▶ **Work required**
Without including any pictures, write out the data below exactly.

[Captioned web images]
---*---

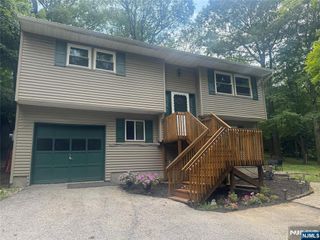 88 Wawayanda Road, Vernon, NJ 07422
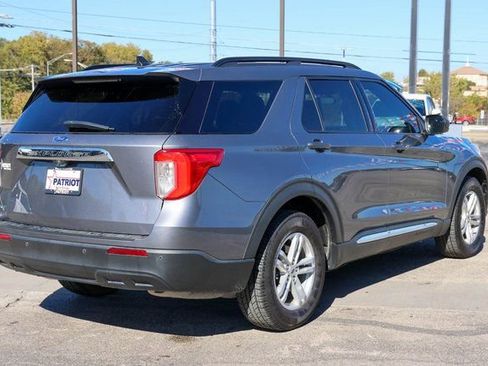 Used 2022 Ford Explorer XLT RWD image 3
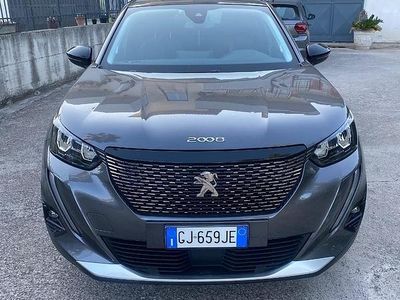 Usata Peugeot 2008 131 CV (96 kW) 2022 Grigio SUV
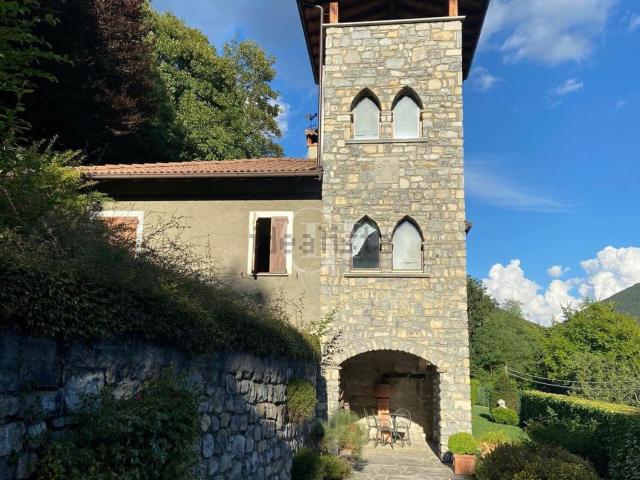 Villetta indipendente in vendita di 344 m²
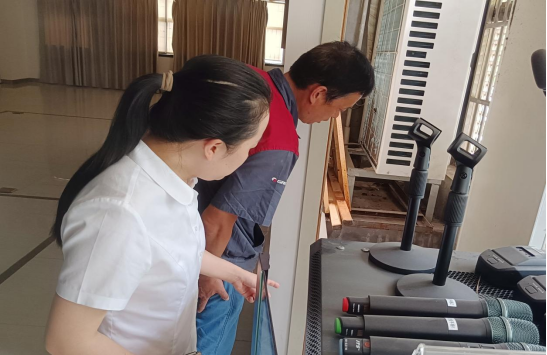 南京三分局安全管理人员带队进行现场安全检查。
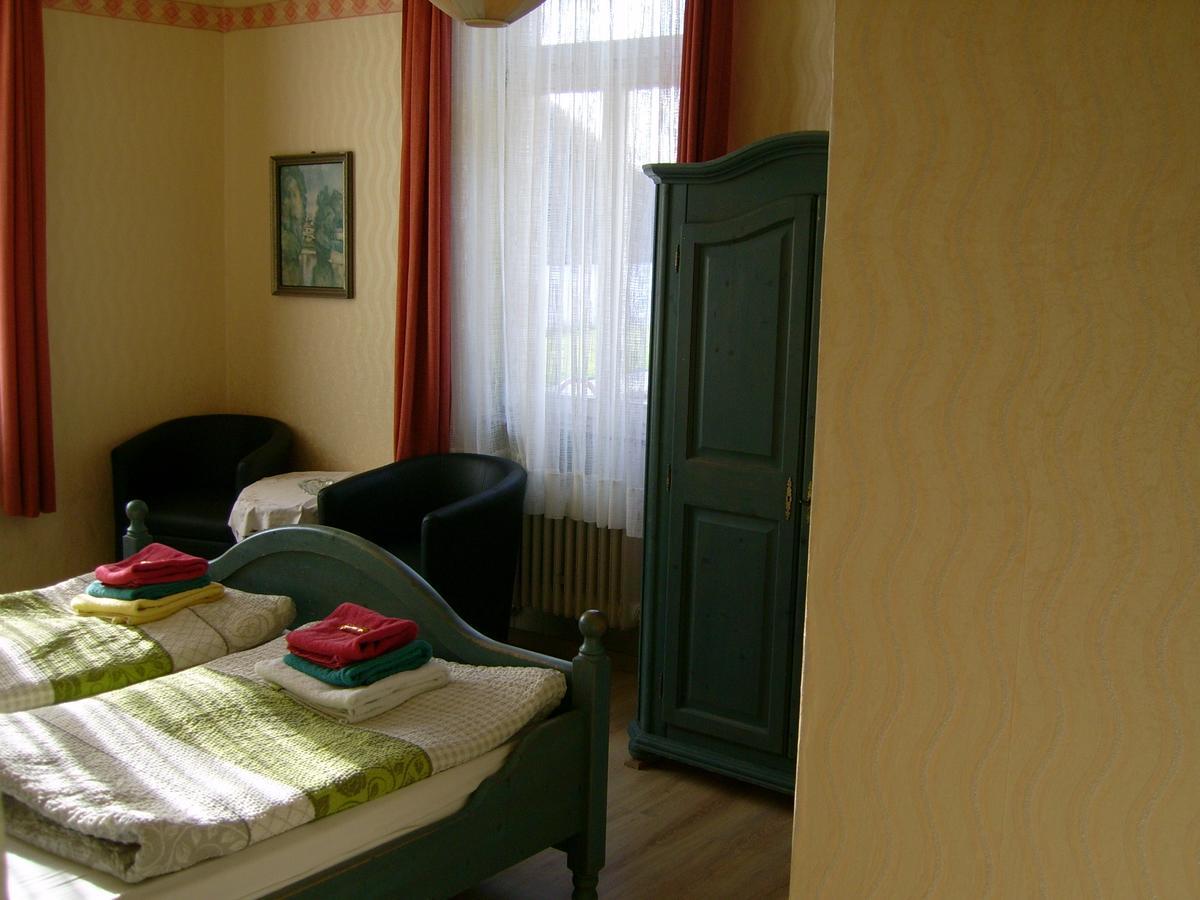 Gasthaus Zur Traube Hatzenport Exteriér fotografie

---*---

▶ **Answer to this task**
 88 Wawayanda Road, Vernon, NJ 07422
 Used 2022 Ford Explorer XLT RWD image 3
 Usata Peugeot 2008 131 CV (96 kW) 2022 Grigio SUV
 Villetta indipendente in vendita di 344 m²
 南京三分局安全管理人员带队进行现场安全检查。
 Gasthaus Zur Traube Hatzenport Exteriér fotografie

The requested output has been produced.